LDS leader Boyd K. Packer's Sunday
message to millions of followers that being gay is morally wrong is
being criticized by gay leaders.
Speaking at the church's 180th
General Conference in downtown Salt Lake City, Packer, the president
of the Church of Jesus Christ of Latter-day Saints' (the Mormons)
Quorum of Twelve Apostles, rallied against gay marriage – “To
legalize that which is basically wrong or evil will not prevent the
pain and penalties that will follow as surely as night follows day.”
– and rejected the notion that same-sex attraction – which he
called “impure and unnatural” – is inborn. “Why would our
Heavenly Father do that to anyone?” he rhetorically asked.
On Monday, the Human Rights Campaign
(HRC), the nation's largest gay rights advocate, called Packer's
statements “inaccurate” and “dangerous.”
“Words have consequences,
particularly when they come from a faith leader,” Joe Solmonese,
president of HRC, said in a statement. “When a faith leader tells
gay people that they are a mistake because God would never have made
them that way and they don’t deserve love, it sends a very powerful
message that violence and/or discrimination against LGBT people is
acceptable. It also emotionally devastates those who are LGBT or may
be struggling with their sexual orientation or gender identify. His
words were not only inaccurate, they were also dangerous.”
Gay activists in Salt Lake City are
organizing a Thursday protest against Packer.
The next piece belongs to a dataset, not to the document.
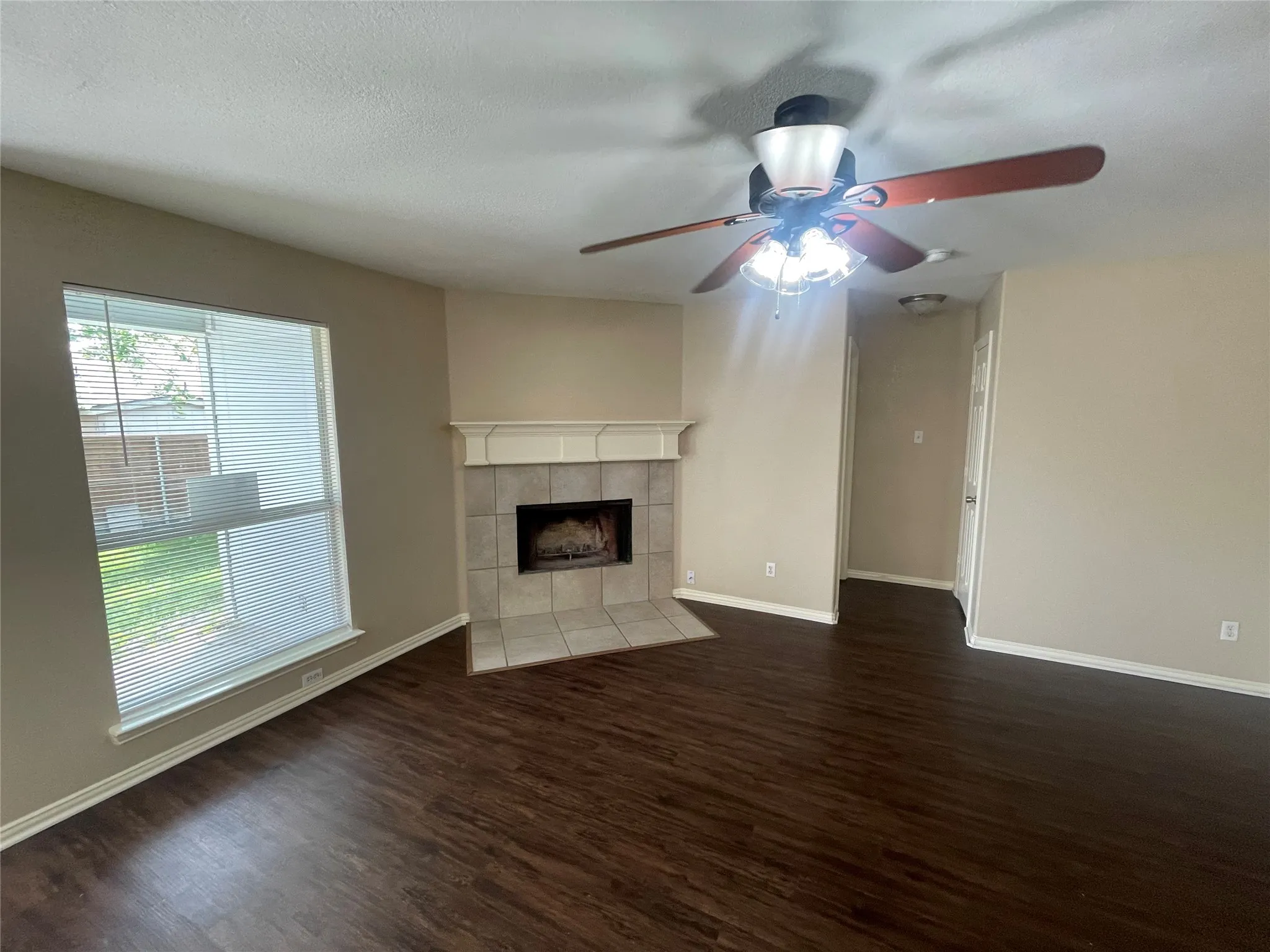 Single Family Residence For Rent in Kaufman County , 112 Kennedy Drive, Terrell, Texas 75160, 4 Bedroom, 2 Bathroom, 2 Garage spaces, 1,573 Sqft, built in 2004, mls#21400554, Real Estate Agent in Terrell, Homes For Rent in Kaufman county, Homes For Rent in Terrell, Realtor in Terrell Texas, Real Estate Brokerage Independent Realty Texas, Luminita Cordes Realtor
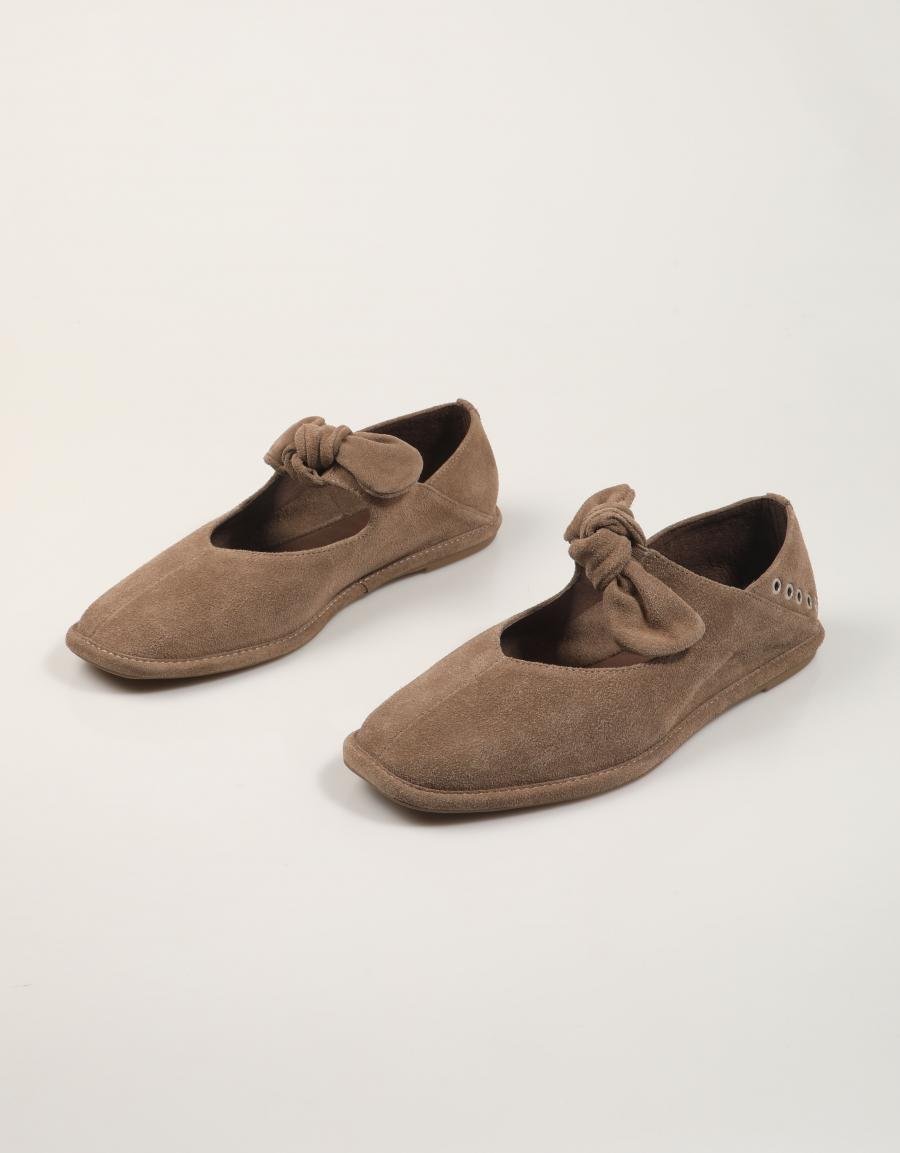ZAPATOS TOP 3 SA773 en color Taupe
Blogger and activist
Eric Ethington is spearheading the demonstration to be held outside
the LDS Church Office Building.
“This kind of disgusting hate speech
is responsible for more teen suicides every year than we even know,”
Ethington
wrote on a Facebook page promoting the protest. “Kids kill
themselves, or are thrown from their homes because they are taught by
men like this that God doesn't love them.”
A
majority (55%, as of Monday night) of people participating in a local
ABC affiliate poll agreed with Packer's positions on gay marriage and
same-sex attraction.
At the behest of their leaders, Mormons
donated millions to the 2008 campaign to ban gay marriage in
California.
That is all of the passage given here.